Un’altra inversione di tendenza riguarderà il mercato del leasing. Negli ultimi anni sono stati registrati ottimi livelli di metri quadri affittati, con i canoni Prime che nel 2018 hanno raggiunto quota 600 Euro per metro quadro a Milano e 450 Euro / mq a Roma. Questo trend positivo dovrebbe proseguire in modo costante nei prossimi anni, accompagnandosi ad un’offerta di immobili che per contro, sarà sempre più limitata. In questo modo il contesto di mercato diventerà maggiormente favorevole per i proprietari di asset immobiliari, che vedranno rafforzarsi il proprio potere di negoziazione soprattutto nelle aree centrali. Mentre per gli occupanti, che fino ad ora riuscivano a negoziare bene il canone, sarà necessario guardare agli immobili situati in aree periferiche per ottenere condizioni più vantaggiose.

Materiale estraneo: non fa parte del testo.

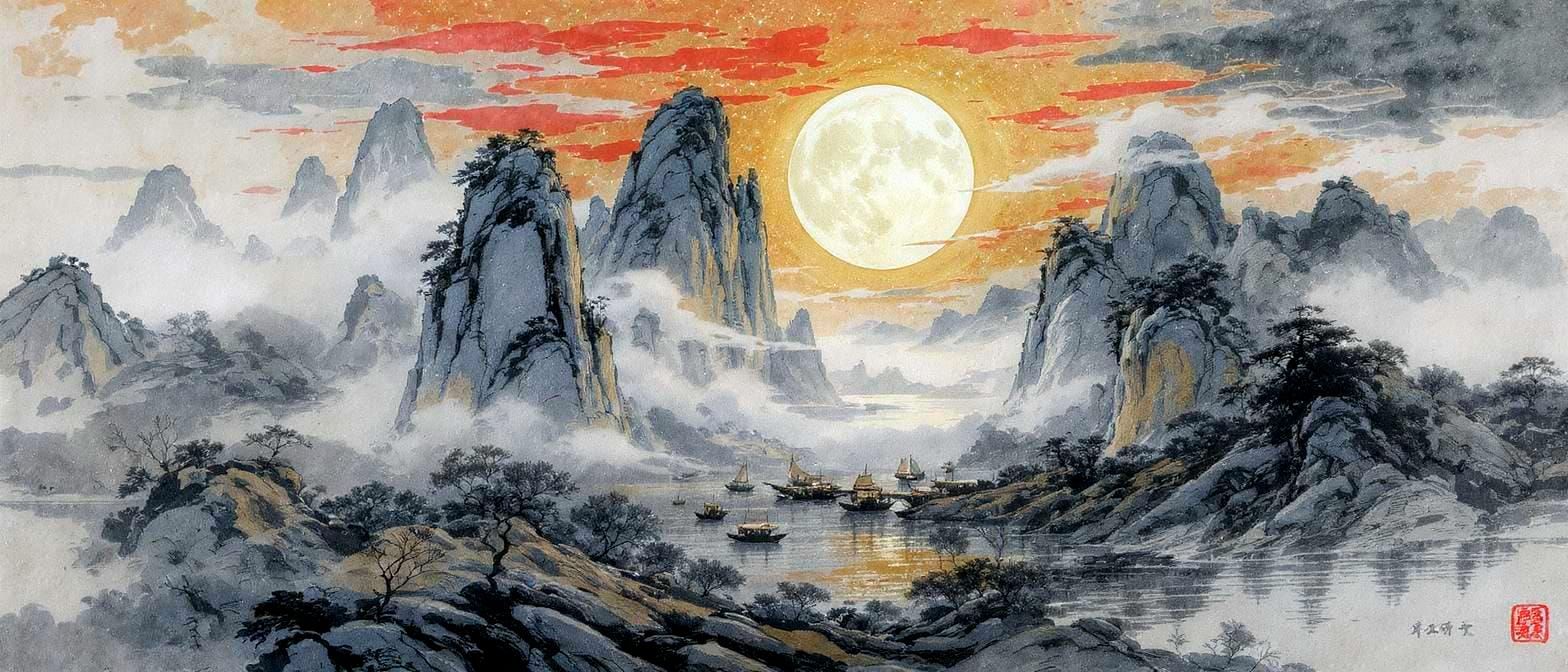 Misty Moonlit Chinese Landscape in Watercolor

“In Italia gli uffici rappresentano uno dei settori più dinamici – commenta Davide Dalmiglio, Head of Capital Markets di JLL – e Milano si distingue in particolar modo per l’espansione di questo mercato. La capitale lombarda, grazie anche al favorevole contesto creato da questa amministrazione, sta infatti conoscendo un periodo florido con la creazione di nuove zone, quartieri riqualificati e la nascita di nuovi distretti del business – non solo in zone centrali – che rendono la città più appetibile per le corporate multinazionali che sempre più spesso stabiliscono qui le proprie sedi centrali per l’Italia. Parallelamente, aumenta l’interesse anche da parte degli investitori che si trovano un contesto economico favorevole per l’allocazione di capitali”.

Il mercato del real estate terziario in Italia

Gli uffici in Italia corrispondono al 42% degli investimenti nel Real Estate commerciale in Italia, che rappresenta il settore principale in termini di volumi con un totale di 3,4 miliardi di Euro. Il 2018 può essere considerato un anno di riflessione, caratterizzato da un rallentamento complessivo degli investimenti, seppur con risultati positivi e più alti del 7% rispetto alla media degli ultimi 5 anni (3,2 miliardi di Euro). Inoltre, per il 2019 si prevede un ulteriore incremento dei volumi in virtù di uno spiccato interesse verso questa asset class da parte della totalità degli investitori e investment manager.

Mercato uffici: focus su Milano e Roma

Se si guarda ai volumi di investimento sulle singole città, i risultati tra Milano e Roma sembrano andare verso un punto di inversione, con Milano in decrescita e Roma che segna un miglioramento più lento ma più costante. Nel 2018 sono state registrate un totale di 71 transazioni, 9 in più del 2017, ma caratterizzate da importi in media più bassi (49 milioni di Euro nel 2018, 73 milioni nel 2017). Milano è di nuovo il mercato migliore in Italia con 43 transazioni per un totale di circa 1,8 miliardi di Euro. Tuttavia, il deal più consistente è stato concluso a Roma, dove un portfolio di due asset è stato venduto da BNL a Antirion SGR, per circa 270 milioni di Euro.

I volumi complessivi di investimenti a Roma hanno raggiunto un record nel 2018, con 1,4 miliardi di Euro e un incremento annuo del 66%. La Capitale si conferma così un punto di interesse per gli investitori che vogliono guardare all’Italia, cercando un’alternativa a Milano.

Tutte le altre località, complessivamente, hanno registrato investimenti solo per 200 milioni di Euro, principalmente avvenuti a Torino, Genova e Venezia. In generale il mercato degli uffici ha visto ancora una volta una predominanza di capitale straniero, anche se in misura minore, che nel 2018 ha registrato circa il 54% dei volumi, contro il 65% del 2017. I capitali stranieri sono ancora importanti anche se in decrescita, con 1,8 miliardi di Euro. Dall’altro lato, continuano stabili gli investimenti da parte di investitori domestici, con 33 contratti per un totale di 1,6 miliardi di Euro. Sul mercato italiano tuttavia gli investitori stranieri continuano ad essere quelli più attivi: già nel primo trimestre 2019 hanno investito il 75% del totale.